I thought shedding too but the lawns around me don't have any of it. Pics to come in the morning to better help. 👍🏼


----------



## ken-n-nancy (Jul 25, 2017)

Lawndad said:


> j4c11 said:
> 
> 
> > Did the fraying appear after you sharpened the blades?
> ...


Something to watch for if you sharpen your lawn mower blade and the cut seems worse afterwards is that it's possible that the blade may have accidentally been re-installed upside down so that it cuts with the back (unsharpened) side of the blade. (Been there, done that...)


----------



## Lawndad (May 23, 2017)

ken-n-nancy said:


> Lawndad said:
> 
> 
> > j4c11 said:
> ...


The funny thing is that happened to me last week. I made a pass and it didn't look cut. I flipped it on its side and realized just that. That's what I get for rushing that day. 🙄


----------



## Lawndad (May 23, 2017)

Here are a few pics. You will see the frayed edges of the blades and I'll call them "lesions" and brown blades mixed in. 😐


----------



## Ridgerunner (May 16, 2017)

A couple of possibilities:
A blade can be too sharp. Razor sharp, especially if the cutting edge angle is changed by sharpening can cause the edge to bend over and present a blunt edge to the grass causing tearing rather than cutting. (simplest cure is purchasing a new blade)
Engine speed. An engine running at less than max RPM (3200-3600) can cause tearing, particularly on a thick lawn (btw-that is a beautiful thick lawn you have). My HRR214 has developed an annoying habit with the throttle slowly backing off of max during the course of a mow. Also moving the mower too quickly through the lawn can give the same effect as the mower engine running at less than max revs. 
Less likely: I've read that some nutrient levels can cause turf blade cell structural issues (making the blade tough?).


----------



## Lawndad (May 23, 2017)

Ridgerunner said:


> A couple of possibilities:
> A blade can be too sharp. Razor sharp, especially if the cutting edge angle is changed by sharpening can cause the edge to bend over and present a blunt edge to the grass causing tearing rather than cutting. (simplest cure is purchasing a new blade)
> Engine speed. An engine running at less than max RPM (3200-3600) can cause tearing, particularly on a thick lawn (btw-that is a beautiful thick lawn you have). My HRR214 has developed an annoying habit with the throttle slowly backing off of max during the course of a mow. Also moving the mower too quickly through the lawn can give the same effect as the mower engine running at less than max revs.
> Less likely: I've read that some nutrient levels can cause turf blade cell structural issues (making the blade tough?).

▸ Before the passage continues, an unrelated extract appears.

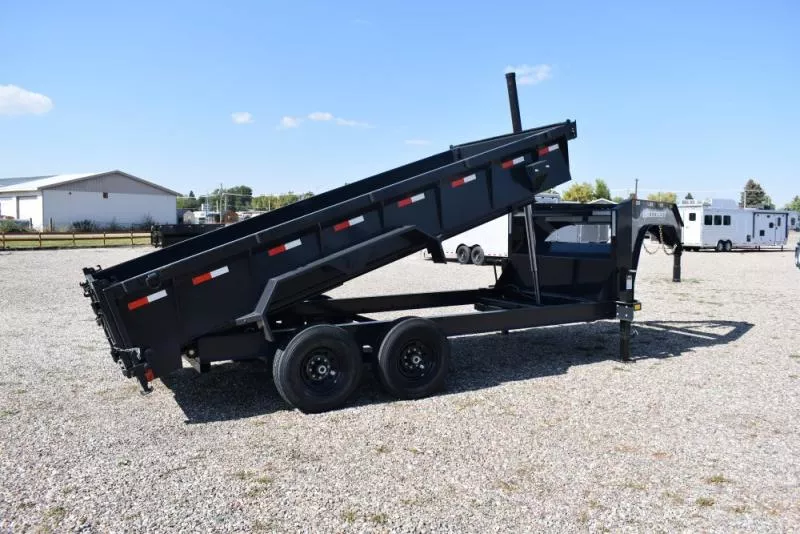new Dump Trailers Hillcrest Trailers  for sale, in Great Falls, MT Thumbnail 3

Sounds good. I'll get the blade professionally sharpened and balanced rather than me using a wheel grinder trying to achieve that 30° angle and I'll increase the rpm's on thr mower. Hopefully that should do it. Thanks for the tips.


----------



## Ridgerunner (May 16, 2017)

Remember that "professional" can be pretty subjective. I was a lawn mower shop that employs a jig to hold the blade at the proper angle, not that there aren't people who might be experienced enough to free hand it. I'd just rather not take the chance of having the kid who sweeps up sharpening my blade free hand. I recommend a new blade as that way you can insure that the blade is not the issue and you can never have enough blades.  
I'm sure you know this, but don't adjust or disable the governor for fear of exceeding safety tolerances, just make sure that the throttle lever is positioned for maximum RPM, if not, adjust. Dirty air filters or carbs can cause reduced RPMs too.
Hope you get it worked out, good luck.


----------



## Lawndad (May 23, 2017)

Ridgerunner said:


> Remember that "professional" can be pretty subjective. I was a lawn mower shop that employs a jig to hold the blade at the proper angle, not that there aren't people who might be experienced enough to free hand it. I'd just rather not take the chance of having the kid who sweeps up sharpening my blade free hand. I recommend a new blade as that way you can insure that the blade is not the issue and you can never have enough blades.
> I'm sure you know this, but don't adjust or disable the governor for fear of exceeding safety tolerances, just make sure that the throttle lever is positioned for maximum RPM, if not, adjust. Dirty air filters or carbs can cause reduced RPMs too.
> Hope you get it worked out, good luck.


Thanks for those tips. I appreciate it. :thumbup:


----------



## Ridgerunner (May 16, 2017)

N.P. Hope you find a cure.
For the record, I have never been a lawn mower shop, nor have I played one on TV. "use" not "was". Brain fart.


----------



## Lawndad (May 23, 2017)

Ridgerunner said:


> N.P. Hope you find a cure.
> For the record, I have never been a lawn mower shop, nor have I played one on TV. "use" not "was". Brain fart.


 :lol: I got ya.

Before I had signed on and read your last post I did take my blade to a local sharpening center. I have the Honda mower with the two blade system and it costs about $12 to have them sharpened. The guy does do a great job better than when you buy one IMO because you don't have that duller painted edge on a brand new blade. After sharpening, he balances them too. All in all I eliminated the dull blade theory and I have applied now 2 doses of the Fall nitrogen program. It has improved but not the way that I would like it. The mechanic at the center is a certified Honda mechanic and he said I can increase the RMP's by moving the spring back to the 2nd hole without needed a tachometer to check it. :mrgreen:


----------